After a grueling legislative session, Melissa and I had long talks about the state of politics in Texas.  Our concern is one shared by Texans across our state, we’re frustrated with political leadership that is out-of-touch with the fundamental values of regular Texans. Texans want to invest in education, protect the health of children, and respect the privacy of law-abiding citizens.  

We have long been involved at the grassroots level.  But it had become increasingly clear that the politics of arrogance that puts special interests ahead of the public interest was coming from higher up the ladder.  It was time to challenge the politics of Karl Rove.  Their game plan has been to divide.  Our mission must be to unite.

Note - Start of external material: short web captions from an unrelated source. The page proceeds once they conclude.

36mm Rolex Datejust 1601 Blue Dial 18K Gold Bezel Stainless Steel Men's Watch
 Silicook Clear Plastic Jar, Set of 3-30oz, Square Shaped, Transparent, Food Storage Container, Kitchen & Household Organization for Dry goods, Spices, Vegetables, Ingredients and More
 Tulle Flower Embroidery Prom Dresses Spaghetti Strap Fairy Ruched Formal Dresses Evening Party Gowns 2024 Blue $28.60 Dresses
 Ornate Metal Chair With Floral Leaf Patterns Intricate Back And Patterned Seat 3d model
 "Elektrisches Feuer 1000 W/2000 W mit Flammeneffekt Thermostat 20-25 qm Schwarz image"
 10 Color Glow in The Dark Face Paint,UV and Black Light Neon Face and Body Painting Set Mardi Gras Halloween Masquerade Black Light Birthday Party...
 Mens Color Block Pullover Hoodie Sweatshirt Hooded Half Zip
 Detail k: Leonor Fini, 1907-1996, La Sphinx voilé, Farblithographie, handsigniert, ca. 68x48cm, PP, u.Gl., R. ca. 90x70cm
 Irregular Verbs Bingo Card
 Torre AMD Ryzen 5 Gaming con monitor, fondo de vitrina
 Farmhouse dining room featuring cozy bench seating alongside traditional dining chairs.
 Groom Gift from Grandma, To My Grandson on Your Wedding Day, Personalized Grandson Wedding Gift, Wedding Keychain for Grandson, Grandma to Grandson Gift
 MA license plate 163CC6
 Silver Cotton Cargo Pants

So in mid-June, in the heat of the summer, we launched our Exploratory campaign for the United States Senate.   We traveled from Houston to Austin, Uvalde to Amarillo, Dallas to El Paso.   We listened to people’s hopes, dreams and concerns.  We shared ideas on how we can bring an end to the War in Iraq and address the issues our families face here at home.  And I challenged Texans from all walks of life to join me in answering the call.  We launched our campaign at the foot of the Heroes of the Alamo statue.  And everywhere we’ve traveled, Texans stepped up, crossed the line in the sand, and answered the call.  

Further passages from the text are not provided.